8. METHODS OF ANALYSIS, INVESTMENT STRATEGIES AND RISK OF LOSS
A. METHODS OF ANALYSIS AND INVESTMENT STRATEGIES
The Advisor starts with a strategic asset allocation for each client and then manages the account
using tactical asset allocation.
With the initial strategic asset allocation, the Advisor takes into account the client’s risk tolerance,
goals, investment objectives and other data gathered during the client meetings. Asset allocation
is an investment strategy that aims to balance risk and reward by apportioning a portfolio's assets
according to an individual's goals, risk tolerance and investment horizon among various asset
classes. The risk associated with asset allocation is that each class has different levels of risk and
return, so each will behave differently over time. Also, despite being diversified there is no
guarantee that an account will grow.
Tactical asset allocation is an active management portfolio strategy that rebalances the percentage
of assets held in various categories in order to take advantage of market pricing anomalies or strong
market sectors. This strategy is designed to allow portfolio managers to create extra value by taking
advantage of certain situations in the marketplace.
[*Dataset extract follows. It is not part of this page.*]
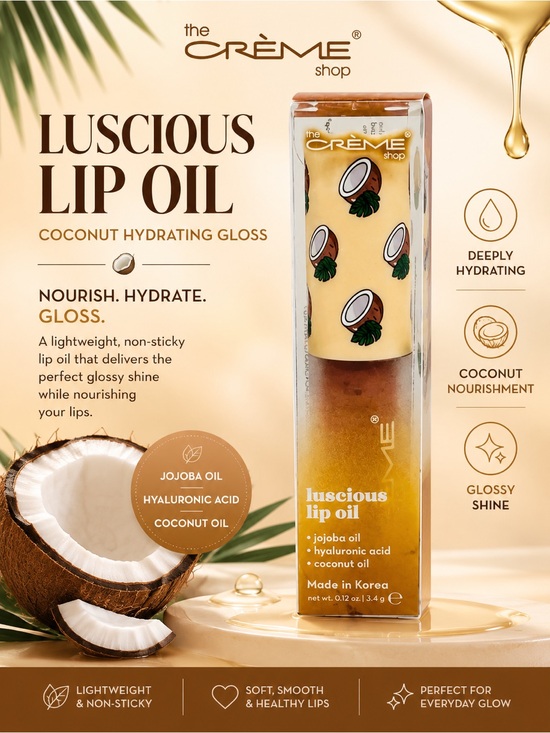 The Creme Shop Other - 🥥 Crème Shop Luscious Lip Oil – Coconut Hydrating Gloss 🥥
It is as a moderately active strategy because
portfolio managers return to the portfolio's original strategic asset mix when desired short-term
profits are achieved.
The Advisor incorporates artificial intelligence ("AI") technologies into certain aspects of its
investment advisory services. These technologies may include data analytics, machine learning
algorithms, or decision-support tools designed to assist with functions such as investment research,
portfolio analysis, risk monitoring, and operational processes. The use of AI is intended to
supplement—not to replace the professional judgment of its investment personnel. All investment
decisions are ultimately made by human advisors based on the client’s individual investment
objectives, risk tolerance, and overall financial circumstances.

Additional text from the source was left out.